And, it is noteworthy that the two referred judicial courts decisions not only considered groundless the old fashion argument but also conveyed the parties to arbitrate a dispute that is also subject to debate, that is, the dissolution of the company.

This means that the Brazilian Courts already accepted as arbitrable conflicts involving the dissolution of companies.

So, returning to the very first issue, that is, the submission of all shareholders to an arbitration agreement introduced in the By-Laws by a majority of voting rights, I understand that the relevant point is to interpret the autonomy of the will in connection and in a fine tune with the relevant mandate principles of any corporation.

It is well known that the existence of large corporation is based on 2 essential legal rules: shareholders’ limited liability and corporate decisions subject to the majority of voting shares.
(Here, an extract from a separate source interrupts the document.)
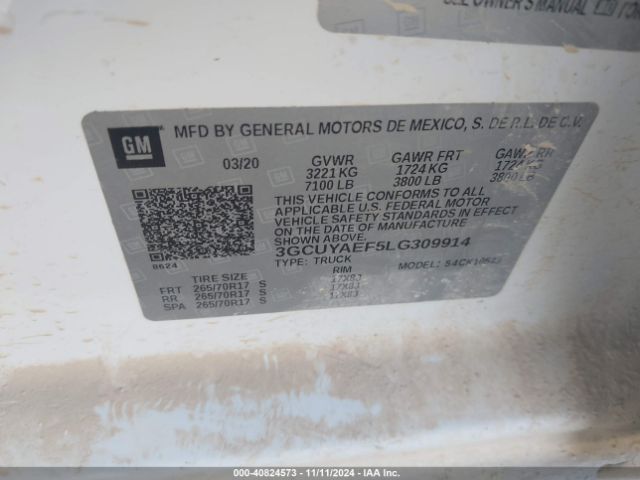 3GCUYAEF5LG309914 Chevrolet Silverado 1500 4wd  Short Bed Wt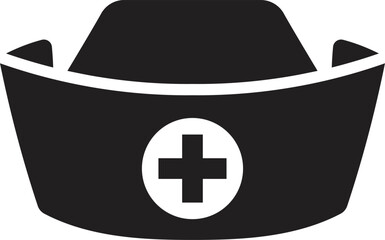 Silhouette of Nurse cap. Black nurse cap. Solid icon of nurse cap. Black nurse cap silhouette with white cross isolated on white background.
These two rules are of paramount importance to the life of a corporation.

It is impossible to admit the flow of a huge amount of capital to a corporation without the limited liability rule and the principle of majority.

These are the two pillars that allow the existence of the corporation in the world.

Therefore, when we bring arbitration rules and concepts onto the scope of corporate law and principles, the autonomy of the will shall be balanced and revisited in view of the relevant rules that govern the existence of a corporation.

And in my point of view, the autonomy of the will is not absolute [e.g. extension of arbitration agreement to third parties] and must not supersede the principle of majority.

Moreover, we should not forget that the rule of majority emerged in France in the beginning of nineteen century exactly to protect the vast minority of the existing shareholders.

So, the rule of majority came into force to avoid or minimize the then existing concentration of powers in the hands of few (the so called aristocratic) and therefore amplify the numbers of corporate decision-makers.

The principle of majority also aligns with the legal nature of the company. Its contractual basis differs from the common ground of most agreements.

What the company By-Laws underline is the joint interest of all shareholders that is, to accomplish the object of the company.

What means, as said by the italian jurist Vivante, “A Company (agreement) transform divided individual rights into a unique and collective interest”, the interest of the company.

And to accomplish the unique and collective interest there is no other way than compulsorily apply the rule of majority.

On the other hand, we must have in mind that the voting right is subject to limitation and restrictions, which means that the shareholders are obliged to exercise the voting right seeking always the interest of the company.

A vote shall be deemed abusive if it is exercised with the intention of causing damages to the company or to the other shareholders.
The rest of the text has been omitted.